In your Tensor.__add__:

 def _backward():
-    a.grad += unbroadcast(out.grad, a.shape)
-    b.grad += unbroadcast(out.grad, b.shape)
+    a.grad += out.grad
+    b.grad += out.grad

(unbroadcast is the helper that sums along axes where the operand was broadcast.)

Run procedure

Two test cases that exercise both regimes:

uv run python -c "
import numpy as np
from src.minigrad.tensor import Tensor

# --- Regime 1: dimension-creation broadcast (3,) + (4, 3) ---
a = Tensor(np.array([1., 2., 3.]), requires_grad=True)       # shape (3,)
b = Tensor(np.array([[10.,20.,30.],[40.,50.,60.],[70.,80.,90.],[100.,110.,120.]]), requires_grad=True)  # (4, 3)
c = a + b                                                     # (4, 3)
loss = c.sum()
loss.backward()
print('--- Regime 1 ---')
print(f'a.grad.shape = {a.grad.shape}  expected (3,)')
print(f'a.grad       = {a.grad}        expected [4., 4., 4.]')
print(f'b.grad.shape = {b.grad.shape}  expected (4, 3)')

# --- Regime 2: length-1 axis broadcast (3, 1) + (3, 5) ---
a2 = Tensor(np.array([[1.],[2.],[3.]]), requires_grad=True)   # (3, 1)
b2 = Tensor(np.ones((3, 5)), requires_grad=True)              # (3, 5)
c2 = a2 + b2                                                  # (3, 5)
loss2 = c2.sum()
loss2.backward()
print('--- Regime 2 ---')
print(f'a2.grad.shape = {a2.grad.shape}  expected (3, 1)')
print(f'a2.grad       = {a2.grad.ravel()}  expected [5., 5., 5.]')
"

Expected failure mode

Regime 1 — dimension-creation broadcast:

Without unbroadcast, out.grad has shape (4, 3) but a.grad (the leaf) is initialized to shape (3,). The += either: - Crashes with ValueError: non-broadcastable output operand with shape (3,) doesn't match the broadcast shape (4, 3) (NumPy 1.20+), or - Silently broadcasts the addition, producing a (4, 3)-shaped a.grad that no longer matches a.data.shape. The optimizer's a.data -= lr * a.grad then crashes or silently corrupts at the next step.

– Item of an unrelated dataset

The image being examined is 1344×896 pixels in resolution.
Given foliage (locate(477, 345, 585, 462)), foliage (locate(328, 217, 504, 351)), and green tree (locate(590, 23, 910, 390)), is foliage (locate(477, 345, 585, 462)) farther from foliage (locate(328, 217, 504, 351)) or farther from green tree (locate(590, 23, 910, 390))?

Regime 2 — length-1 axis broadcast:

Shape happens to align: out.grad is (3, 5), a.grad storage is (3, 1). The += broadcasts and accumulates the wrong total: a.grad[i, 0] is the sum of out.grad[i, :] columnwise — [5., 5., 5.] — but only one of the five contributions is supposed to land per element. Without unbroadcast, you also get [5., 5., 5.] because the assignment broadcasts the same value. Disguised as correct in this case.

Now flip the loss to a non-uniform one:

loss2 = (c2 * Tensor(np.arange(15).reshape(3, 5).astype(np.float64))).sum()

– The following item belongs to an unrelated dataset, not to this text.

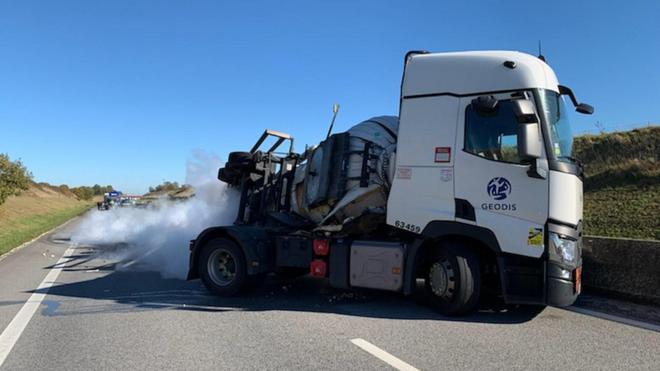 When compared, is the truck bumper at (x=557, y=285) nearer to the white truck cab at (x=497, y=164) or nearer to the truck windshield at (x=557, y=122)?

With the break in place, a2.grad differs from the analytic value. Compare against PyTorch.

Diagnostic

From logs alone:

  1. Crash on Regime 1. Easy to catch but only if you have a test with a dimension-creation broadcast.
  2. Shape print after backward. assert tensor.grad.shape == tensor.data.shape after every backward() is a one-line invariant that catches the silent corruption.
  3. Gradcheck. Compare against finite differences on a non-uniform loss; the analytical grad disagrees with the numerical one for any tensor that was broadcast in forward.
  4. Cross-check against PyTorch. torch.autograd.grad on the same expression gives the right answer; diff your .grad vs PyTorch's.

Lesson

Forward broadcasting is virtual replication; the chain rule says the gradient w.r.t. the replicated operand is the sum over the replicated copies. NumPy does not do this sum automatically — you must call grad.sum(axis=broadcast_axes, keepdims=...) in _backward.

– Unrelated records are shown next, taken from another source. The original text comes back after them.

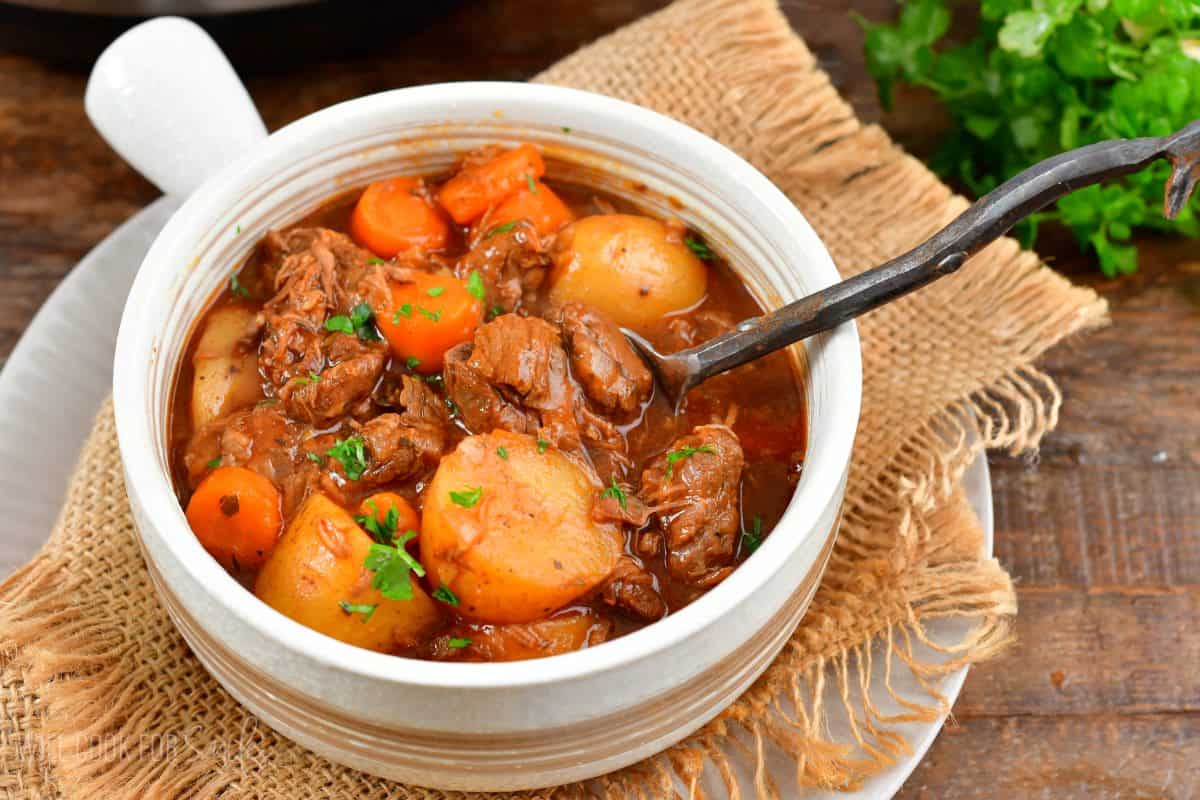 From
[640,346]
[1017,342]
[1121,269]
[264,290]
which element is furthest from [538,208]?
[1121,269]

This is the new family of bugs that Phase 8 introduces (Phase 7 had no broadcasting). The unbroadcast(grad, target_shape) helper is so important that it earns its own utility function tested in isolation. Phase 9's modules and Phase 10's normalization layers reuse it for every op that admits broadcasting.

References

  • The PyTorch internals walkthrough by Karpathy ("zero to hero" — building micrograd → tensor autograd) covers this transition.
  • Goodfellow, Bengio, Courville, Deep Learning, §6.5.3 (backprop through general computational graphs, including broadcasting) — the formal sum-over-replicates rule.